1 28-ounce can whole San Marzano tomatoes, certified D.O.P. if possible
1/4 cup extra-virgin olive oil
7 garlic cloves, peeled and slivered
Pinch of crushed red pepper flakes
1 teaspoon kosher salt
1 large fresh basil sprig, or 1/4 teaspoon dried oregano, more to taste
Pour the tomatoes into a bowl and crush them with your hands
Afterwards, fill the can about 1/4 to 3/4 way with water; slosh around to capture the tomato juices and bits, and set aside for a moment.
Use more water if you want a lot of sauce, or are finishing meatballs, or want it to simmer for a long time. Use less water if you don’t have much time
Slice the garlic cloves as fine as you can
Put the pan on medium heat and add the olive oil
When the olive oil starts to shimmer, toss in the garlic and let it sizzle
BEFORE the garlic starts to brown, pour in the tomatoes, followed by the water from the can, and sprinkle on the oregano and pepper flakes. If you’re using fresh basil, lay it on top.
Turn down the heat and let the sauce simmer for 30 minutes to an hour. It will get a nice orange-y color to the top. You can reduce it until there’s no visible water, but no more than that – remove it from the heat if you reach that point!
This recipe is great because it’s tasty and doesn’t take a lot of extra work, but it does take time. Expect prep plus cooking to be an hour.
You really want to use a heavy stainless pan, 12″ or larger.
Our local grocery store carries canned whole San Marzano tomatoes, and they are certified D.O.P., but they already have basil added (so we don’t actually put additional basil in).
I’ve tried using canned crushed tomatoes but it messes with the texture and flavor. Crushing them yourself is easy yet so satisfying.
Our best experience was making meatballs at the same time, and finishing them off in the sauce. The sauce picked up some extra flavors that made it sublime.
This is a great side for pretty much any meat dish, especially on a cool fall day.
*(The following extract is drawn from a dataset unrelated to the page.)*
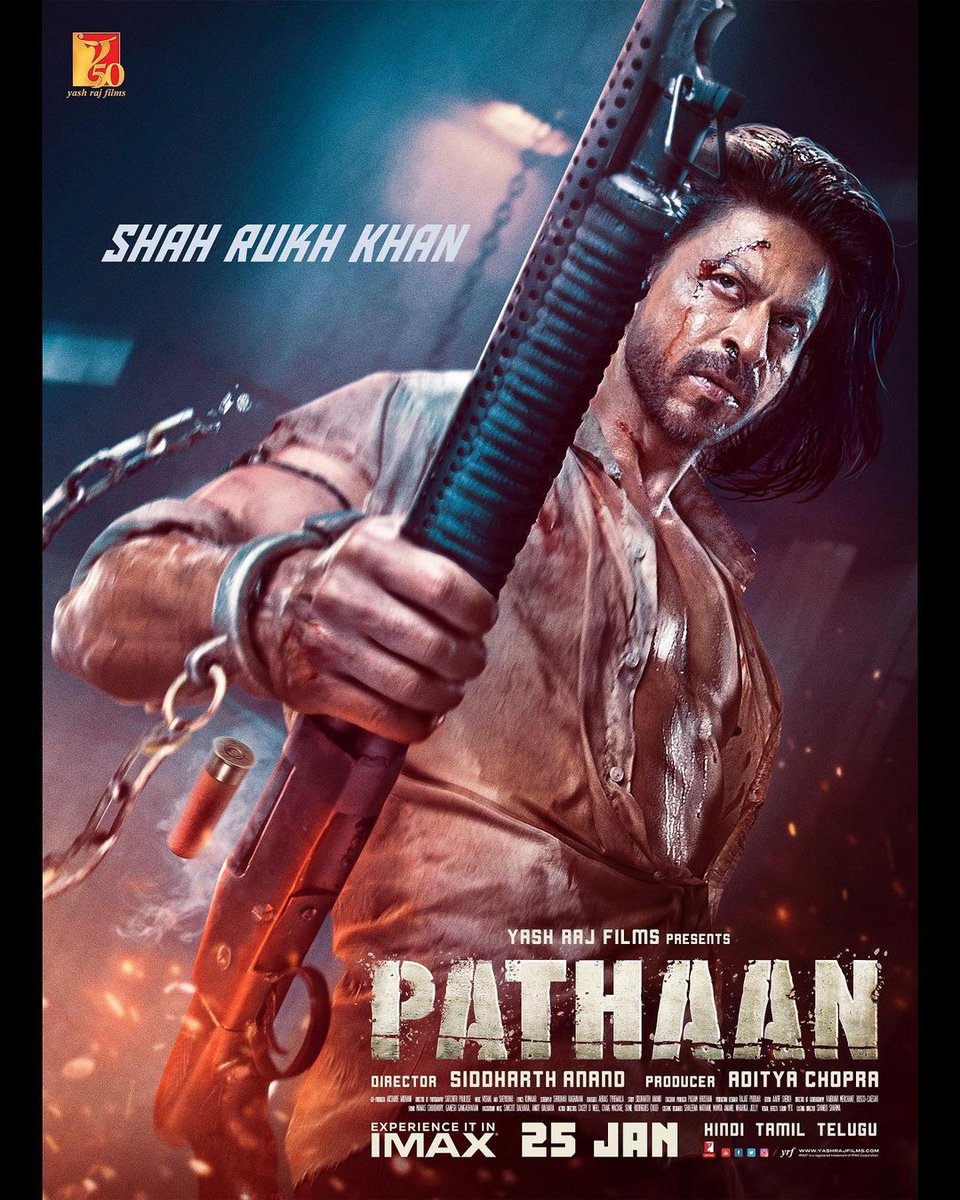 SazdeenAnsari5's tweet image. #PathaanTrailer #ShahRukhKhan𓀠 
@iamsrk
The smaller, skin-on potatoes are tasty and not nearly as bad for you as a full-size, peeled and boiled starch-bomb white potato.
3 pounds of small red, white, and/or purple potatoes
Lots of supermarkets carry 2- and 3-pound bags of mixed, pre-washed small potatoes, which is really handy if you want more colors
6 cloves of fresh garlic, crushed
A couple of shakes of black pepper
a pinch of salt
2 tablespoons of minced fresh parsley (optional)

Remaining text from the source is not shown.